Reporters uncritically shared Sony spin. All to boost the notion that the film was a hit.

Now, THR is reporting some animated “Ghostbusters” spin-offs are in the works, but no news of an official sequel. The “Ghostbusters” brand may be back from the grave, but the film leading the way will cost Sony. Plenty.

None of this means that Hollywood sexism isn’t real. Just watch the eye-opening documentary “That Gal Who Was in That Thing” and see what actresses face in the industry.

It won’t be fixed by a single film or franchise featuring powerful actresses. Studios should consider future movies led by women, assuming the scripts are solid and the talent is first-rate. As should be the case with any movie project.

What’s undeniably real, too, is entertainment media bias.

UPDATE: Want examples of active media cheerleading on behalf of the film? Look no further than Forbes.com:

It breaks my heart to say this, but Ghostbusters is pretty much a bomb.

Or consider Vanity Fair:

It’s been difficult to watch Ghostbusters flail. Although reviewers found themselves divided as to the film’s quality, many still came down on its side—and it’s worrisome to think that Hollywood might take its performance as an omen against female-led movies more generally, particularly action franchises.

89 Comments

  1. It did a good job of enforcing the stereotype that women don’t have any ideas of their own so they just copy whatever men do. The idea that there should be all-female action movies like this is absurd. Why? It makes about as much sense as a romantic comedy where all the characters are transformers. Who’s the audience? I don’t really know chic movies too much but I have no interest in seeing an all dude remake of fried green tomatoes or something.

  2. The same thing happened with the Fantastic Four reboot. They changed the race of the Human Torch, and spent months before the film’s release calling their own fans racists for objecting to the change. And of course, the film flopped, because insulting your fans is not good business. Sony should have learned from Fox’s mistake, but SJW’s never learn.

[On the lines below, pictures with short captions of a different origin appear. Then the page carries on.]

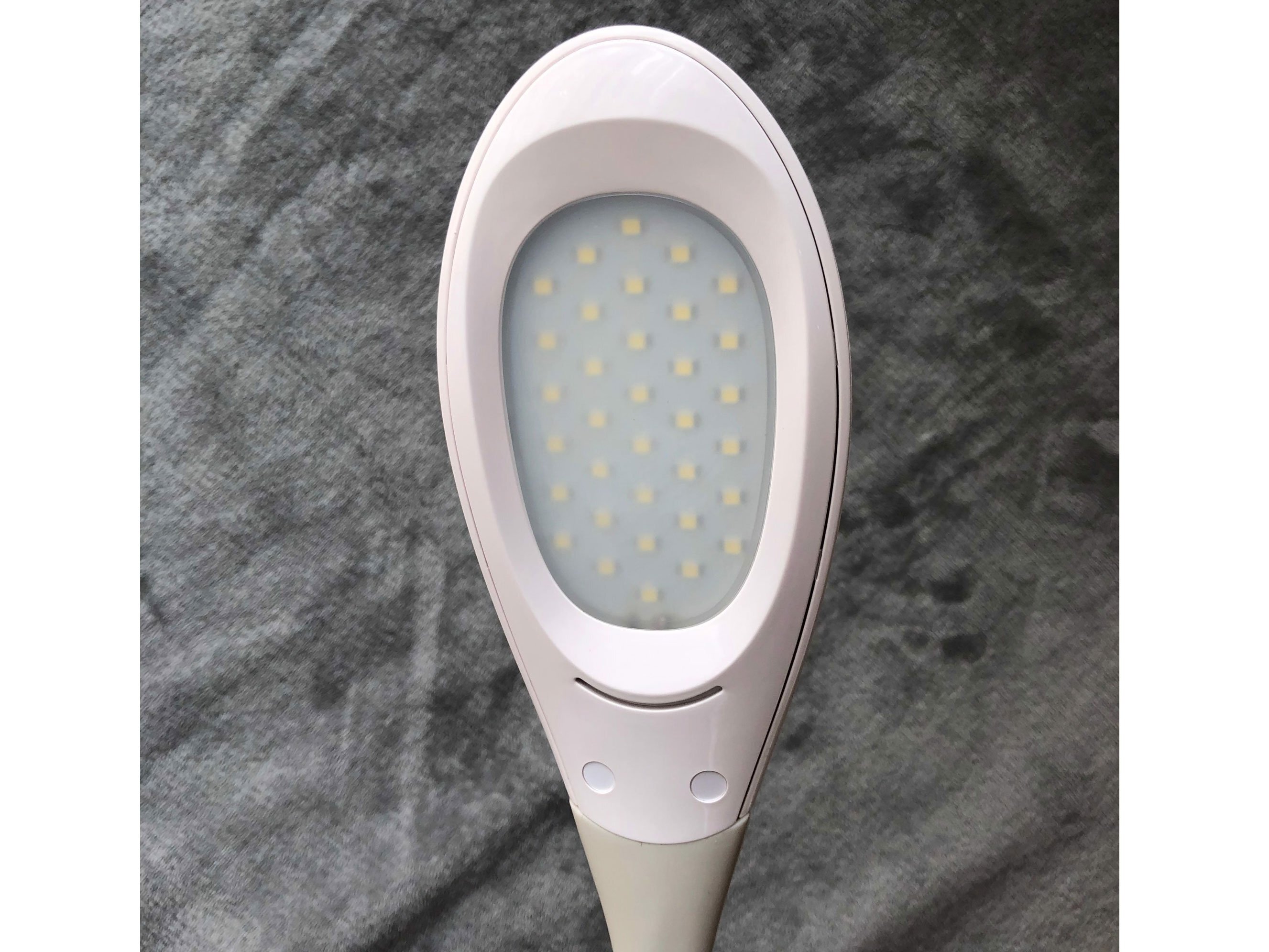 Đèn bàn dùng chip LED   Đèn bàn LED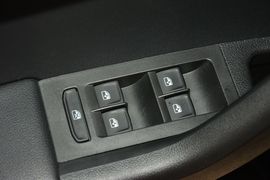 2017款斯柯达明锐1.6L自动创行版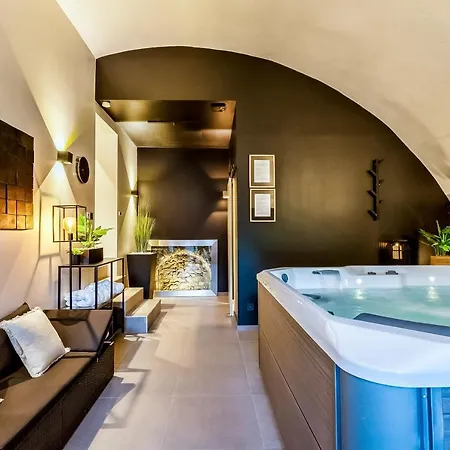Le Chicissime, Coeur Du Village, Lla Selections By Location Annecy * تالوار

  3. I wonder if they will try to remake Animal House, as Animal House gets busted by the diversity committee. They actually did something like that with PCU, except they wisely made the movie sympathetic to the Animal house frat, adn the SJW’s the villains, where these bozos would probably remake it with with a bunch of feminist SJW rants, and try and make the SJW’s the good guys.

  4. With different actresses and a different director/screenwriter and a lot less grrlpower attitude this might just have worked.
    (Seriously guys, don’t go out of your way to piss of your core audience.)

    Maybe we’ll get a better approach in twenty years, if somebody dares to touch this hot potato again.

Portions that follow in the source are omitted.